Doch die prowestliche Führung in Kiew hat große Pläne. Mächtige Solarkraftwerke sollten in der Sperrzone stehen, heißt es in der Hauptstadt - auf 80 Quadratkilometern sei eine Stromerzeugung von 4000 Megawatt möglich. Experten schütteln den Kopf: Solche Projekte übersteigen derzeit die Kräfte des zweitgrößten Flächenstaats Europas, den eine Wirtschaftskrise sowie ein Krieg im Osten und die russische Annexion der Krim auszehren. Ex-Direktor Paraschin weist auf eine weitere Gefahr hin. "Bei Cäsium 137 ist gerade einmal die Halbwertszeit erreicht", erinnert er. Allein 2015 seien bei Buschfeuern zwei Millionen Kubikmeter Holz verbrannt - und so massenweise Gift aufgewirbelt worden. Die Rückkehr seltener Tierarten wie Luchs oder Elch führen Experten eher darauf zurück, dass dort kaum Menschen sind. Eine Idylle ist Tschernobyl nicht: Den Tieren schadet die Radioaktivität Untersuchungen zufolge erheblich.

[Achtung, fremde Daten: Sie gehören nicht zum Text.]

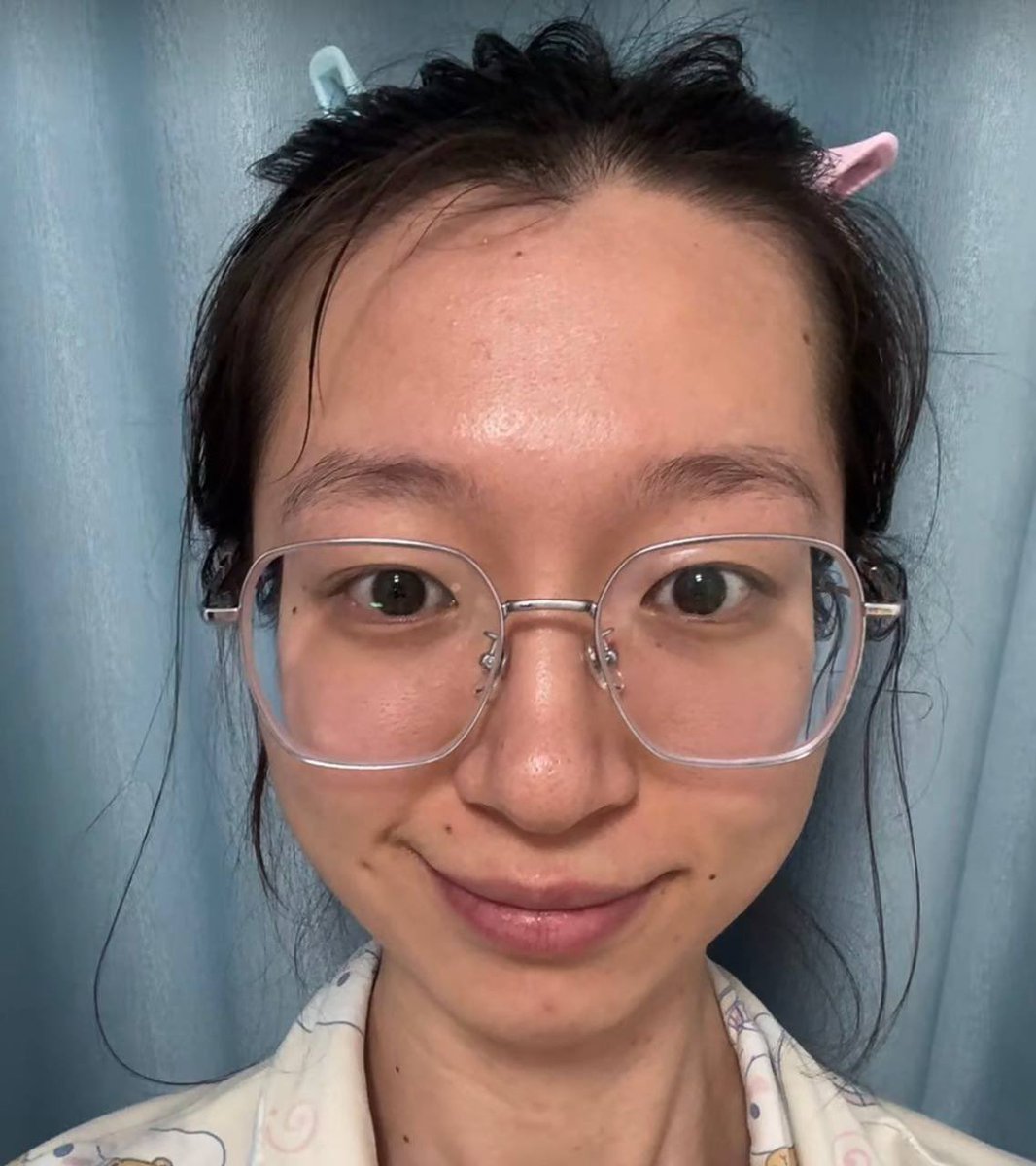 ru9kchan's tweet photo. 男の人ってすっぴんに夢見すぎじゃない❓「すっぴんが好き」って言う人ほど、ガチすっぴん見せた瞬間黙りそう。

Doch nicht nur die Nordukraine wurde 1986 verstrahlt. Die radioaktive Wolke traf vor allem das benachbarte Weißrussland, den Westen Russlands, dann verteilte sie sich Richtung Skandinavien und Westeuropa. Wie viele Menschen an den Folgen gestorben sind, ist umstritten. Experten gehen von Zehntausenden Todesfällen aus. Verwaltungschef Petruk ist jedoch insgesamt optimistisch. "In 30 Jahren hat sich die Lage hinsichtlich der radioaktiven Sicherheit verbessert", sagt er. Petruk meint damit auch den neuen Schutzmantel, einen riesigen Stahlbogen, der derzeit im Bau ist. Die halbrunde Konstruktion soll spätestens Ende 2017 über den Reaktor geschoben werden. Mit 100 Metern Höhe hätte die Pariser Kathedrale Notre Dame darunter Platz.

Der neue ukrainische Umweltminister Ostap Semerak unternahm vor wenigen Tagen seine erste Amtsreise zu dem Schicksalsort. Er inspizierte den Bau der neuen Hülle, die für die nächsten 100 Jahre die Ruine vor dem Eindringen von Wasser und dem Entweichen von Staub schützen soll. Etwa 40 Staaten beteiligen sich an den mehr als zwei Milliarden Euro Kosten für den dringend benötigten neuen "Sarkophag". "Über 1400 Menschen arbeiten derzeit an der neue Hülle", sagt Abteilungsleiter Pjotr Britan. In einer spektakulären Aktion sollen am Ende 29 000 Tonnen Stahl über den radioaktiv strahlenden Betonklotz gedrückt werden.

In Deutschland und anderen Staaten sorgte der Tschernobyl-Schock für Angst und Unsicherheit. Die junge Ökobewegung erhielt Auftrieb. Als Reaktion richteten sogar konservative Regierungen Umweltministerien ein. Wegen Tschernobyl legte Italien 1987 seine AKW still, Polen brach 1989 den Einstieg ab. Die Schweiz will ihre Reaktoren bis 2034 auslaufen lassen. Andere Länder wie die USA halten an der Kernkraft fest. Auch die Japaner steigen nicht aus - trotz Fukushima.